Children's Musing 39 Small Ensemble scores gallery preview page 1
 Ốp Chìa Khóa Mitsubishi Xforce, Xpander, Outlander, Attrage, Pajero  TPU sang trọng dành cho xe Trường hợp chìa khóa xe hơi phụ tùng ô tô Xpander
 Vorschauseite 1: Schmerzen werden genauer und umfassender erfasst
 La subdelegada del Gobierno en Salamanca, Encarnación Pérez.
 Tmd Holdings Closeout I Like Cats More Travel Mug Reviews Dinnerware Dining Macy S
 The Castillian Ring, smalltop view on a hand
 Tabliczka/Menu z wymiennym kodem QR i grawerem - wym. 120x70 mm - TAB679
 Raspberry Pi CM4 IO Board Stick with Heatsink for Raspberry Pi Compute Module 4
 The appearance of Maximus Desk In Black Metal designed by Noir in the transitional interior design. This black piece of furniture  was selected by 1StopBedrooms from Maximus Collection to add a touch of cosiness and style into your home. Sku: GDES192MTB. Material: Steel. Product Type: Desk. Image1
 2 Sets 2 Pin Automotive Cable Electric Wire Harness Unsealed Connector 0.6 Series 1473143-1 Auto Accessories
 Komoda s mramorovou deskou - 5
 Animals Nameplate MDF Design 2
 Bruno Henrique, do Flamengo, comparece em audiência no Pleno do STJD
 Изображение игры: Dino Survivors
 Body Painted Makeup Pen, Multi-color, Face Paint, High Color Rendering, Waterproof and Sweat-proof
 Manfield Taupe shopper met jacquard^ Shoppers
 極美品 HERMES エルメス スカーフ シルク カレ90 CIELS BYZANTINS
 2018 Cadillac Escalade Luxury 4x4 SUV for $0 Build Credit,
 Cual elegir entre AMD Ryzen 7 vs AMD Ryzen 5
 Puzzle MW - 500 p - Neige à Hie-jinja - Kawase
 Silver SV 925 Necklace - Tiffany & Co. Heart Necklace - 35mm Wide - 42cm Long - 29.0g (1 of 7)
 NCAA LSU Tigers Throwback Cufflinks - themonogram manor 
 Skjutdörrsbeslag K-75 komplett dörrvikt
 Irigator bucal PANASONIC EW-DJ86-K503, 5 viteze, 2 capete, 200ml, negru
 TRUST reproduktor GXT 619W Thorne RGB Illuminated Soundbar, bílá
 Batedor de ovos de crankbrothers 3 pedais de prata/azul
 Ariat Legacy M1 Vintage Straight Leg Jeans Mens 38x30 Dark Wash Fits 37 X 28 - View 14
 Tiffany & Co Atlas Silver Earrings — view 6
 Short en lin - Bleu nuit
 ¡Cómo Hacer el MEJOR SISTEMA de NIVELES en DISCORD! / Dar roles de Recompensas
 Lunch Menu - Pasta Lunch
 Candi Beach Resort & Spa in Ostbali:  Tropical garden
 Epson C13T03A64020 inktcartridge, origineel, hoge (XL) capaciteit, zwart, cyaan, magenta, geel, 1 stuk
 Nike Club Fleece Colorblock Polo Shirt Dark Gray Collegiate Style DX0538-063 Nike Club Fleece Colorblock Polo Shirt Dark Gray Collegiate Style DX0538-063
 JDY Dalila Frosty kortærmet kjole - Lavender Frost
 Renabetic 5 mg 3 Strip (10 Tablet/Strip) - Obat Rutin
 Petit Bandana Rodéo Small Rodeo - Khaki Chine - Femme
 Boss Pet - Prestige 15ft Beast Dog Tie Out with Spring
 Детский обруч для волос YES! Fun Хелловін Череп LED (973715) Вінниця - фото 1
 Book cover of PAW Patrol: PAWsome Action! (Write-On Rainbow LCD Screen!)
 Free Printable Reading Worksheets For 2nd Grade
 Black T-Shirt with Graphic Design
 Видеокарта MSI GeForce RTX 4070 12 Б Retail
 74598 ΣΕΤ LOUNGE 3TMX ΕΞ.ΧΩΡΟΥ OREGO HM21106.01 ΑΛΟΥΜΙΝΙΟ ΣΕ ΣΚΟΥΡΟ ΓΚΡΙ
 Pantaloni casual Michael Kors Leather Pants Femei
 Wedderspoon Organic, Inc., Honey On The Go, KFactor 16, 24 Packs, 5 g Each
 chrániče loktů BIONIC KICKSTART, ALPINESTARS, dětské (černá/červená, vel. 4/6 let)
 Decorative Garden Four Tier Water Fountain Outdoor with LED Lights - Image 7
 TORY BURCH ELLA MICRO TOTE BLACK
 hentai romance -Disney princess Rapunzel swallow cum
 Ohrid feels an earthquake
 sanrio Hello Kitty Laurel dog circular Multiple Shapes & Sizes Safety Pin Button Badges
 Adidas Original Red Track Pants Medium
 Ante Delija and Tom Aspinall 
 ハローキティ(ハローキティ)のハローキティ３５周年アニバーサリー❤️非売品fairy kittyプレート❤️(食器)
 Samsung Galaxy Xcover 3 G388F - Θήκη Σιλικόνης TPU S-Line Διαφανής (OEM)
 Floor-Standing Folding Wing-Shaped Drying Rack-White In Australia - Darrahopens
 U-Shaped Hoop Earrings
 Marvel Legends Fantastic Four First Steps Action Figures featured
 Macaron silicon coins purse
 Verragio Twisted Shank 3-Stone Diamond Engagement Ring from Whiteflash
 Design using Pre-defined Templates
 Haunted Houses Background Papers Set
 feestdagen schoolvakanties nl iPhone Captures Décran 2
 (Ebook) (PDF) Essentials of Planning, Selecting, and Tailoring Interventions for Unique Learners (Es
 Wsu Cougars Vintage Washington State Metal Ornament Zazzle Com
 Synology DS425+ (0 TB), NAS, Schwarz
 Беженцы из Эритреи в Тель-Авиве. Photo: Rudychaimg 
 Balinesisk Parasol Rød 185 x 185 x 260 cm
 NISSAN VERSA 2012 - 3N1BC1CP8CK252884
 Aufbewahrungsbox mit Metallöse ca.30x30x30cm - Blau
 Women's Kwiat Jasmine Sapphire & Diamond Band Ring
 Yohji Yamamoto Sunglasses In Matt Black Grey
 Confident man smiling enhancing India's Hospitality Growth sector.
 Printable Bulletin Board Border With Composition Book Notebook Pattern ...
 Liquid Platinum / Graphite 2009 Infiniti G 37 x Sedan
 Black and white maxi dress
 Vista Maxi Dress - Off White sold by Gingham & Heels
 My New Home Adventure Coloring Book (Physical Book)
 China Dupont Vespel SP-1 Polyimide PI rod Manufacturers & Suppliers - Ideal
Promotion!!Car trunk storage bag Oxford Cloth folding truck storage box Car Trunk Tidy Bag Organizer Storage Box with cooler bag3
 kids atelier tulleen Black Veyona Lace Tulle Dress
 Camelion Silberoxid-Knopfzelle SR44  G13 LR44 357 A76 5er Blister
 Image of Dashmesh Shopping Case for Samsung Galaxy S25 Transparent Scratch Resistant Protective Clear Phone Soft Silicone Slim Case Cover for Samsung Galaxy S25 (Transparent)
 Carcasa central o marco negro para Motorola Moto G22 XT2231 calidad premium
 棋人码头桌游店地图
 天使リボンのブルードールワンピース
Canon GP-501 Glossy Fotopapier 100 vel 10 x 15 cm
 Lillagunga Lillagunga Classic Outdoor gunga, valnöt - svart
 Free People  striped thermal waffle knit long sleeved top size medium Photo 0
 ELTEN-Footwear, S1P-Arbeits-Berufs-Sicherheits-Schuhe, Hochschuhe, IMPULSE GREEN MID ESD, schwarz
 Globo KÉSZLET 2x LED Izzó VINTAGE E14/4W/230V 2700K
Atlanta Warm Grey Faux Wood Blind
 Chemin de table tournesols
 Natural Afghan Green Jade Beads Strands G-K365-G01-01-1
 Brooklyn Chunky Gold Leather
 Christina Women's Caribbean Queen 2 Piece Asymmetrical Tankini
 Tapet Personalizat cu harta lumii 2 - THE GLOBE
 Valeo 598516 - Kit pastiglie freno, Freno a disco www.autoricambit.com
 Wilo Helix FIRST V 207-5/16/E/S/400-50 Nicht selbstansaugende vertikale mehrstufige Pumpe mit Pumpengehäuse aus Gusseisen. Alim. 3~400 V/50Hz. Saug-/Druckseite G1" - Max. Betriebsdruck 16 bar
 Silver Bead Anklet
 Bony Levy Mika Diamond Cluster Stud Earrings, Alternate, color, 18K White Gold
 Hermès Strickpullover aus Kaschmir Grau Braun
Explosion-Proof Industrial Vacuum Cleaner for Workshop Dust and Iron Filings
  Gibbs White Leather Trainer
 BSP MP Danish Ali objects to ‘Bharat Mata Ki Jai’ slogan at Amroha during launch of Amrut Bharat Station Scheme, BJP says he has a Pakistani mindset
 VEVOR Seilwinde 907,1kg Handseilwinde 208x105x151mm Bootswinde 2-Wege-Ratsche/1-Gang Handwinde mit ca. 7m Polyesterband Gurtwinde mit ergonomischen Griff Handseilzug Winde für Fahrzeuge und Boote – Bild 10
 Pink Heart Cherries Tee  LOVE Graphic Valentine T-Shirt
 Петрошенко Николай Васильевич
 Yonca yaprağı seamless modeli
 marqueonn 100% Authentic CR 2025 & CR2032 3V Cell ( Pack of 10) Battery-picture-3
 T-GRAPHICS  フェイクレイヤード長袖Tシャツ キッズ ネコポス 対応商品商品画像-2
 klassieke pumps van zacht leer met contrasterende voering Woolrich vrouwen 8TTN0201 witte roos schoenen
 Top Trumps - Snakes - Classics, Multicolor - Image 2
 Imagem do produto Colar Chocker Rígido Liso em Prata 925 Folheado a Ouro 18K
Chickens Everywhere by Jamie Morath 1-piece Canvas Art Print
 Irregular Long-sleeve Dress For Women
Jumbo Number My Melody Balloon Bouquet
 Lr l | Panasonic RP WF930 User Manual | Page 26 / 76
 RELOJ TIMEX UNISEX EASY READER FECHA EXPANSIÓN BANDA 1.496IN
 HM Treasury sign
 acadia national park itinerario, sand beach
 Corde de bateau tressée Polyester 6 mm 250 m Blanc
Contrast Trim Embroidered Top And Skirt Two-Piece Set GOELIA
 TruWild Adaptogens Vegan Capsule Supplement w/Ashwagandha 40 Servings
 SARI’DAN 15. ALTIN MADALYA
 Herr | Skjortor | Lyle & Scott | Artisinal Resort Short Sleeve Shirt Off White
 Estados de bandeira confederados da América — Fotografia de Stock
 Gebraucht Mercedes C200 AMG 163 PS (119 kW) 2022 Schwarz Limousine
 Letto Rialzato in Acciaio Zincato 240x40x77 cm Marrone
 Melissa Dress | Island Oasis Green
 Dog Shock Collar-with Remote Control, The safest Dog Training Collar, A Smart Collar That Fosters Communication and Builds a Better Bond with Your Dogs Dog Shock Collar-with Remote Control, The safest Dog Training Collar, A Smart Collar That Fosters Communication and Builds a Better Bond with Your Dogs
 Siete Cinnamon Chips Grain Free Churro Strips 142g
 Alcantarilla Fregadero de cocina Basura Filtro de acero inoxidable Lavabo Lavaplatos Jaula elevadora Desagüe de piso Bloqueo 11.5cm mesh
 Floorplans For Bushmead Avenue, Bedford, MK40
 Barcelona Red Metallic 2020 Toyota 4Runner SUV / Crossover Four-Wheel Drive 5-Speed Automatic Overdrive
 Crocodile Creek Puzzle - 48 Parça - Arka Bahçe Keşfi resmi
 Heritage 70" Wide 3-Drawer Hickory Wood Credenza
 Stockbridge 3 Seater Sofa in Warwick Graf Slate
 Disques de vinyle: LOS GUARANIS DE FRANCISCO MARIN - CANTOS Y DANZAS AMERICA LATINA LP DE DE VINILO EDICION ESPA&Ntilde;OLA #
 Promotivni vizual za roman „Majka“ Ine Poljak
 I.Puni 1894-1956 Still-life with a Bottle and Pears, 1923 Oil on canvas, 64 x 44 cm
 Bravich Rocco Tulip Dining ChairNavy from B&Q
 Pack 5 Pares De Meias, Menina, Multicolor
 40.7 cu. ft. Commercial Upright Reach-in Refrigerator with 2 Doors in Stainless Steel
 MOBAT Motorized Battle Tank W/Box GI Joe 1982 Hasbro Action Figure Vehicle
* * *
Everything from the first line of the listing above through the line holding "La subdelegada del" must be retyped exactly; nothing else belongs in the reply.

Children's Musing 39 Small Ensemble scores gallery preview page 1
 Ốp Chìa Khóa Mitsubishi Xforce, Xpander, Outlander, Attrage, Pajero  TPU sang trọng dành cho xe Trường hợp chìa khóa xe hơi phụ tùng ô tô Xpander
 Vorschauseite 1: Schmerzen werden genauer und umfassender erfasst
 La subdelegada del Gobierno en Salamanca, Encarnación Pérez.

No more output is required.